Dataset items

--

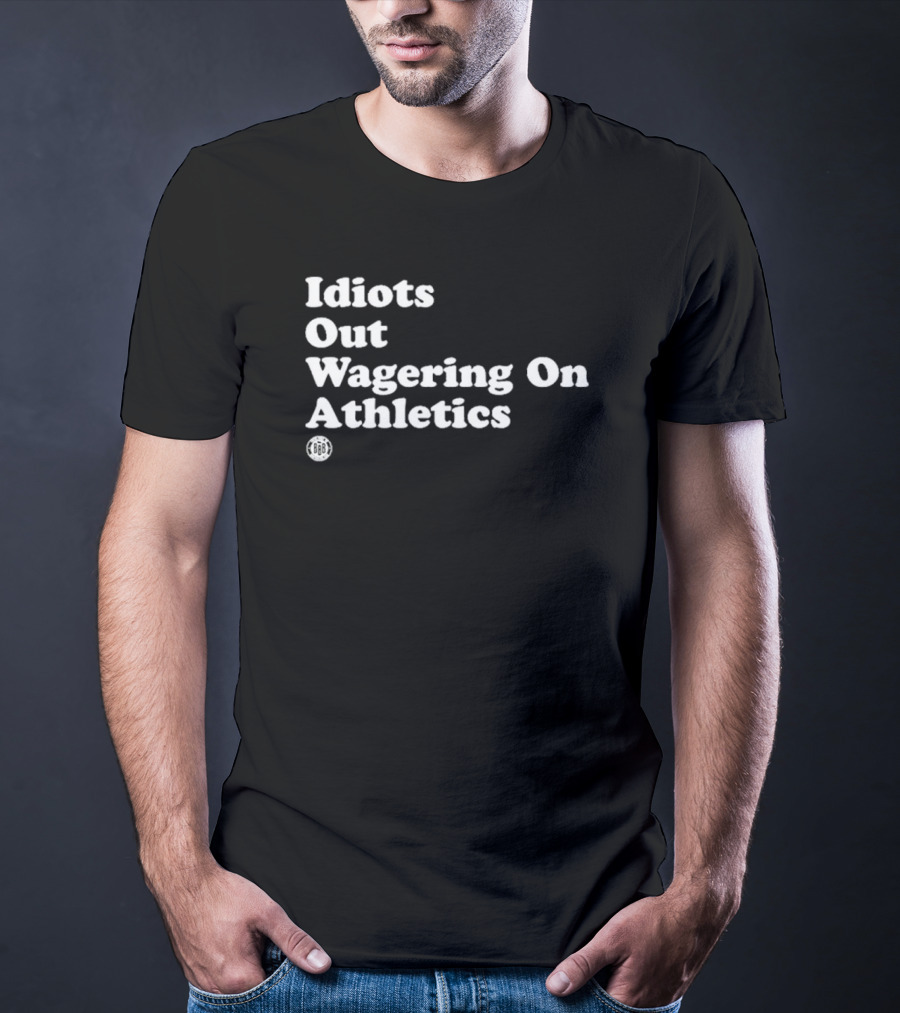 Idiots Out Wagering On Athletics Vintage Style Sports T-Shirt
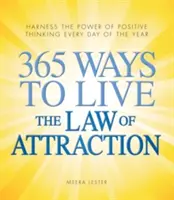365 způsobů, jak žít podle zákona přitažlivosti: Využijte sílu pozitivního myšlení každý den v roce - 365 Ways to Live the Law of Attraction: Harness the Power of Positive Thinking Every Day of the Year
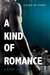 A Kind of Romance (A Kind of Stories, #2) by Lane Hayes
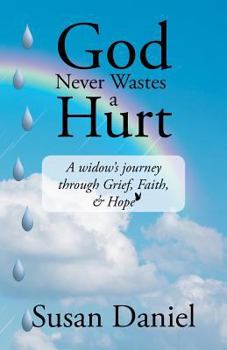 Paperback God Never Wastes a Hurt: A Widow's Journey Through Grief, Faith, & Hope Book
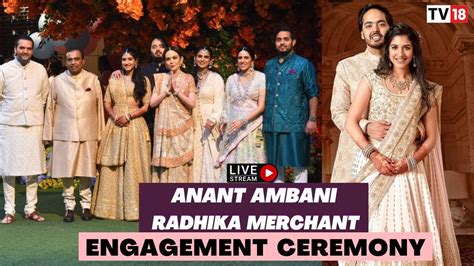 Anant Ambani Radhika Merchant Engagement Here S All You Need To Know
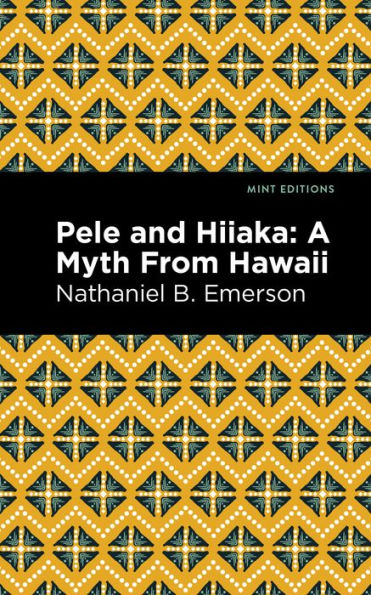 Pele and Hiiaka: A Myth From Hawaii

--

Problem description
Copy out each line of the data exactly as it reads; skip the pictures.

Solution to the exercise
 Idiots Out Wagering On Athletics Vintage Style Sports T-Shirt
365 způsobů, jak žít podle zákona přitažlivosti: Využijte sílu pozitivního myšlení každý den v roce - 365 Ways to Live the Law of Attraction: Harness the Power of Positive Thinking Every Day of the Year
 A Kind of Romance (A Kind of Stories, #2) by Lane Hayes
 Paperback God Never Wastes a Hurt: A Widow's Journey Through Grief, Faith, & Hope Book
 Anant Ambani Radhika Merchant Engagement Here S All You Need To Know
 Pele and Hiiaka: A Myth From Hawaii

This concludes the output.